ABOUT THIS EXERCISE.
Give the lines again exactly as they appear below, from the line with "1 | image tagged" to the line with "快递员收入有望增500（快递员收入）", both included, and only those lines. Leave every picture out.

(Beginning of EXTRACTED MATERIAL)

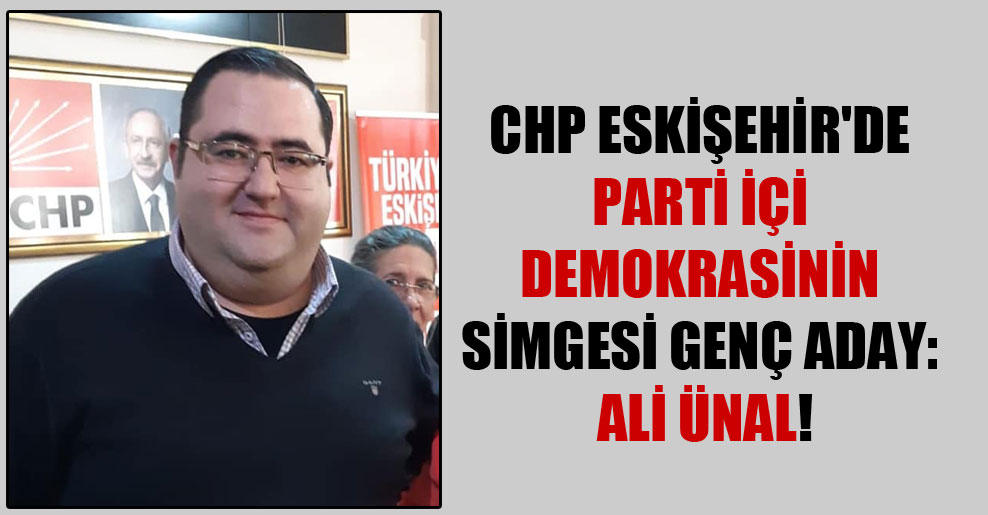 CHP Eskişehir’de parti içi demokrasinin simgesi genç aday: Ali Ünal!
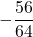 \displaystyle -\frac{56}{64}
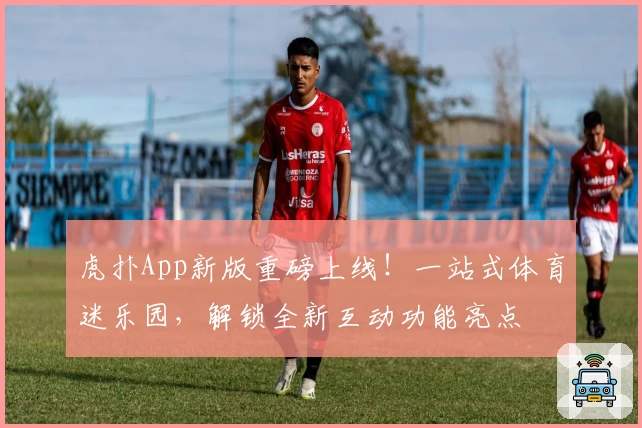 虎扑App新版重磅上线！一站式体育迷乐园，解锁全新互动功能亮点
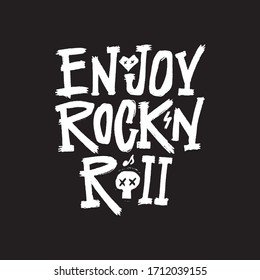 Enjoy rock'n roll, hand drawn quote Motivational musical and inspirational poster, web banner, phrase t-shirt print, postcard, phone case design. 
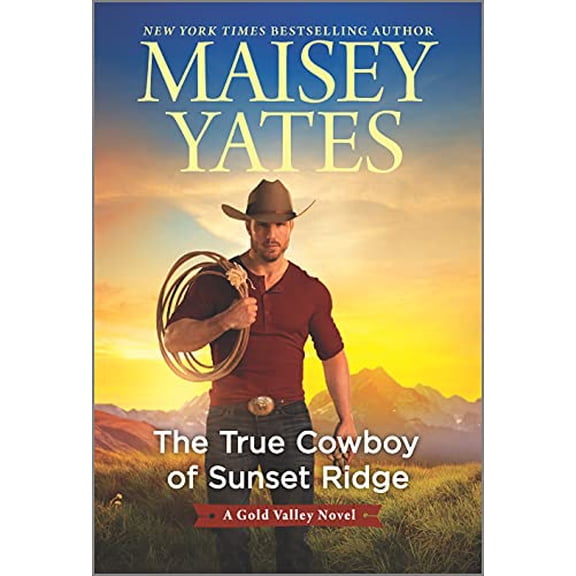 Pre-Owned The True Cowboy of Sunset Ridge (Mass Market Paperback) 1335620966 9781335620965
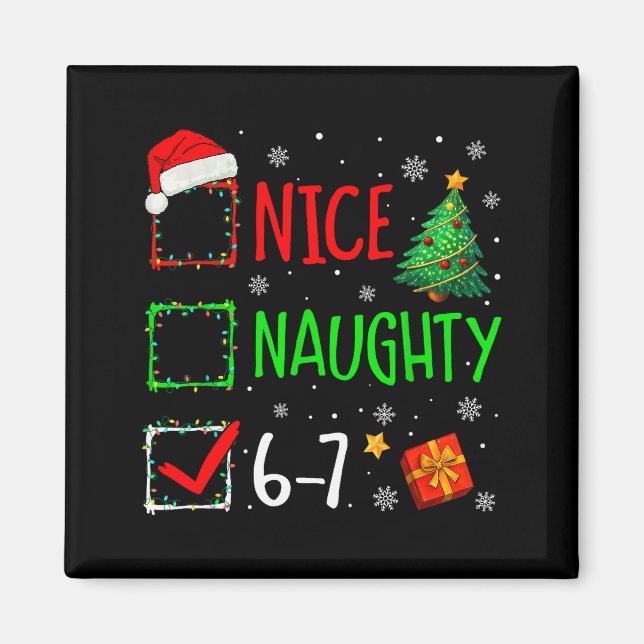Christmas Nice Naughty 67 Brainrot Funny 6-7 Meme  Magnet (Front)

(End of EXTRACTED MATERIAL)
(Beginning of EXTRACTED MATERIAL)

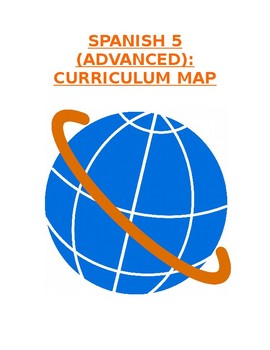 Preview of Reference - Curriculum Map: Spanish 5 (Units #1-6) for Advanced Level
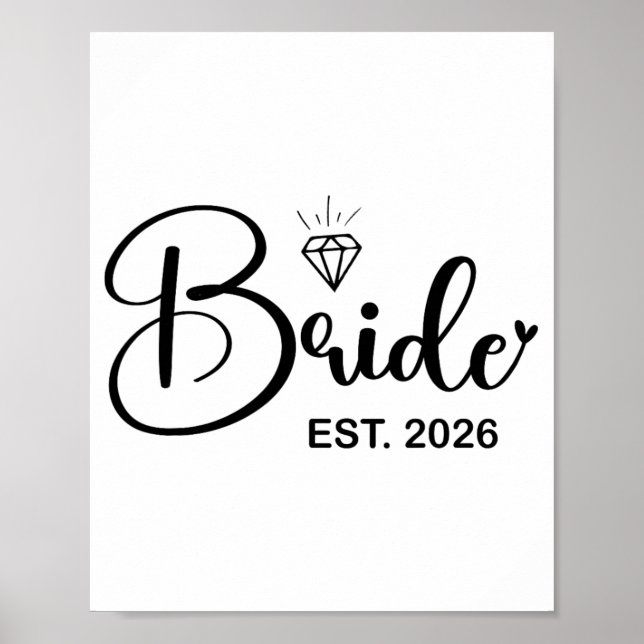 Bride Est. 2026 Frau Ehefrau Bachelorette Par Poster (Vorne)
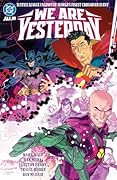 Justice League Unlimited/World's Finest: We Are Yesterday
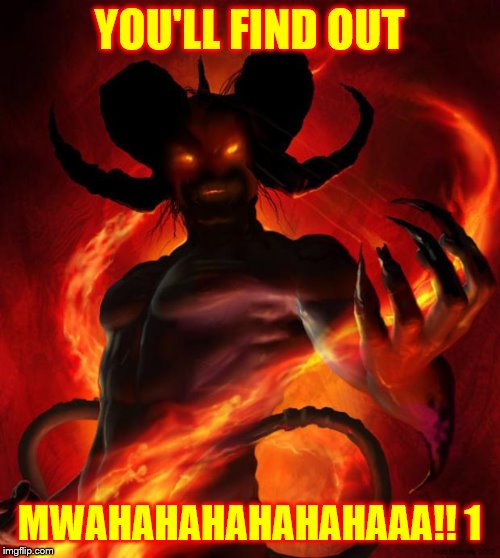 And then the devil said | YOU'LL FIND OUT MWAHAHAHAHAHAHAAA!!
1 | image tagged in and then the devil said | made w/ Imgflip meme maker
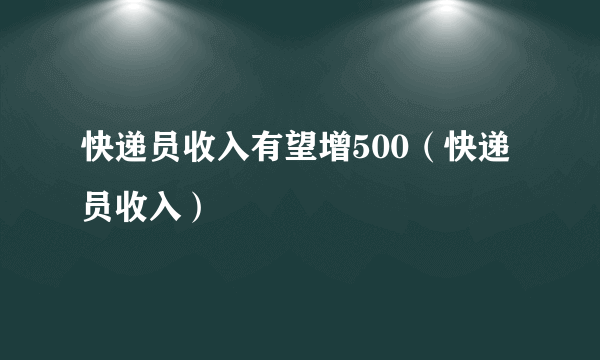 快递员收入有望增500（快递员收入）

(End of EXTRACTED MATERIAL)

RESULT OF THIS TASK.
1 | image tagged in and then the devil said | made w/ Imgflip meme maker
 快递员收入有望增500（快递员收入）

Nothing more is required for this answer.